浜口陽三(1909-2000)は和歌山県有田郡広村(現在の広川町)の生まれ。生家は代々千葉県銚子で醤油醸造業を営み、浜口自身も5歳で同地に移り住んだ。1928年(昭和3)に東京美術学校に進むが日本の美術教育に飽き足らず、退学してパリに渡る。はじめ油彩を手がけるも次第に離れ、28歳の頃独学で銅版画を試作した。戦争による長い空白を経て銅版画を再開、1953年に再びパリへ移り、翌々年に黄・赤・青・黒の四版を重ねるカラーメゾチントを開発、ベルソーを自在に、不規則に扱って画面に光を取り込む独自の造型により、国際的な評価を得た。

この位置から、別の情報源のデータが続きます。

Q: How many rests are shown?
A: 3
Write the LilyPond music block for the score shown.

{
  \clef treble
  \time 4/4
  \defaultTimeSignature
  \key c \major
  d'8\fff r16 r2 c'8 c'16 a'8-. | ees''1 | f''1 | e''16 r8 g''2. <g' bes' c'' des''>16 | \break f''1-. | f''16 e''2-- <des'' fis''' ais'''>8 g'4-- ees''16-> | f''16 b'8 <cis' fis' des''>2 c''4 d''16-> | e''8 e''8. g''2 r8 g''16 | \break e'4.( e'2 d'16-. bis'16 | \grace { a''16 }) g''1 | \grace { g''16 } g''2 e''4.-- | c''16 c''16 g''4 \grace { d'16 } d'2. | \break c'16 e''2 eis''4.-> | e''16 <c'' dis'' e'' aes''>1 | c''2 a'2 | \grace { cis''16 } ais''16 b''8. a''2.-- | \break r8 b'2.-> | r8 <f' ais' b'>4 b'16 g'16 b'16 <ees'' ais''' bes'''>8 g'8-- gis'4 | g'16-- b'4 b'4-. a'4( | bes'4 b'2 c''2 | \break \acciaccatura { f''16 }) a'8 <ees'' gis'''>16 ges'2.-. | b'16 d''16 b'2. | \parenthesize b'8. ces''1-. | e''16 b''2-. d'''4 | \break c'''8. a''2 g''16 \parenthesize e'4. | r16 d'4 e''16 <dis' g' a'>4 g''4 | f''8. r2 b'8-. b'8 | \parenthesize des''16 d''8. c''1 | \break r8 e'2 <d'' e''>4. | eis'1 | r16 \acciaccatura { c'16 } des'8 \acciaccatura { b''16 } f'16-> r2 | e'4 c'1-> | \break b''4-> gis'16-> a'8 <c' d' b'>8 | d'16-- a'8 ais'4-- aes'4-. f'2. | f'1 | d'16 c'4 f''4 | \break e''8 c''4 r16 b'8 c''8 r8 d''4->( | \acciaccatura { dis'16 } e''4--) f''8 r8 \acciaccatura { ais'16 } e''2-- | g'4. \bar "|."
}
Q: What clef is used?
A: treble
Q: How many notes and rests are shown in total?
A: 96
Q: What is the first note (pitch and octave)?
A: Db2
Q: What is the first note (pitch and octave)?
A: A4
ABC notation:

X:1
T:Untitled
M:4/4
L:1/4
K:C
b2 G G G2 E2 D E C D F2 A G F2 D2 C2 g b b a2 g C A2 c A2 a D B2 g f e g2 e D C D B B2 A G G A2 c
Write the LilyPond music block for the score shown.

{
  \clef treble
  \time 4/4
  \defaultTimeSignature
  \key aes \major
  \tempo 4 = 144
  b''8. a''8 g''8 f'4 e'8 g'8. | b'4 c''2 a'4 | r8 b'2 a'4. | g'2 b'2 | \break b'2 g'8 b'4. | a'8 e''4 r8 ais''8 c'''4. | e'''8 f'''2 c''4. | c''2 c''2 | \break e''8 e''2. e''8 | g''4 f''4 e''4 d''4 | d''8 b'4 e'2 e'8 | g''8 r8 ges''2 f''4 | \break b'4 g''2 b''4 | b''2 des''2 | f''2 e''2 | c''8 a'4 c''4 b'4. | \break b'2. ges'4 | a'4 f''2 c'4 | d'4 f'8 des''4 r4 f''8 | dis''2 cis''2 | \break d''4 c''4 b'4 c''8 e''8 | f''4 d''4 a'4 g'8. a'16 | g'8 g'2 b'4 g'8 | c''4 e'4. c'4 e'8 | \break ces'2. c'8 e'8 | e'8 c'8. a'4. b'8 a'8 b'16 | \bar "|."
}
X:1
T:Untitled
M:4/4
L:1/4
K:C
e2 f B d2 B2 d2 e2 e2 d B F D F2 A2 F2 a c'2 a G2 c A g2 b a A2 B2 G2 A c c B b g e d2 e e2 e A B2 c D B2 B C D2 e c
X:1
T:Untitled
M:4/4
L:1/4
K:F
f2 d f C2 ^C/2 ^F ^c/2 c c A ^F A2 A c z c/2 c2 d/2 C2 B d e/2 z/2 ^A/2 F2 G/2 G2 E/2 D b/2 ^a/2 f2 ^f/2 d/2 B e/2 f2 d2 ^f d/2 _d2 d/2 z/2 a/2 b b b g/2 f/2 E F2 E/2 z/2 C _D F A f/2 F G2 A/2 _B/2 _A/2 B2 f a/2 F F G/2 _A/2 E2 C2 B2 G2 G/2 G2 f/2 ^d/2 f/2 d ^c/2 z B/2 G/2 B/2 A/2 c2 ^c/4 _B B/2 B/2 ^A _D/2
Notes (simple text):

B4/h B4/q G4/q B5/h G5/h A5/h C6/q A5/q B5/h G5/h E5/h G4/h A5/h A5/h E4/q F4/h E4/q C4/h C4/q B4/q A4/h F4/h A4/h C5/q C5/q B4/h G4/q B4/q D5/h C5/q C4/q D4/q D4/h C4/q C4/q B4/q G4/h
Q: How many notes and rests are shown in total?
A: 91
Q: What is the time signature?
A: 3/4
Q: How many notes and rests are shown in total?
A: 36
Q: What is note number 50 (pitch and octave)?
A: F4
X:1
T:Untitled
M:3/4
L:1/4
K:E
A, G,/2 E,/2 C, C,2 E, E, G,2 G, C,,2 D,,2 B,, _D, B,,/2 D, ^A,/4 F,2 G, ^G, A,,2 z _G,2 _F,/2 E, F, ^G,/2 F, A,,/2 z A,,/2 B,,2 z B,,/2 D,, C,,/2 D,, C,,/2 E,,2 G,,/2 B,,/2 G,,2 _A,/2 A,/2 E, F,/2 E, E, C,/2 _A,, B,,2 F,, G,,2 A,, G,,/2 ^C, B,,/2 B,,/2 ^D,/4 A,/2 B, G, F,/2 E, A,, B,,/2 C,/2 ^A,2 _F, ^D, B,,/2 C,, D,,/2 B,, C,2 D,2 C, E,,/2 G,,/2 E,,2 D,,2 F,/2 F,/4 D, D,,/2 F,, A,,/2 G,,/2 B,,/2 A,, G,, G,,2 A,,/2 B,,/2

暗い背景に皿のような開口部を空け、桜桃のシルエットを配する。黒いさくらんぼという主題は1956年に始まるが、本作ではモチーフをひとつに絞り、茎を直線にして記号のように扱うことにより、簡潔な、張りつめた構成としている。水を連想させるニュアンス豊かな青に孤立した果実が浮かぶ空間は、静謐で瞑想的ですらあり、しんとした心地へと観者を誘う。カラーメゾチントを創造して5年、浜口の造形が強靭な構成と神秘性を獲得してゆく過程を示す佳品である。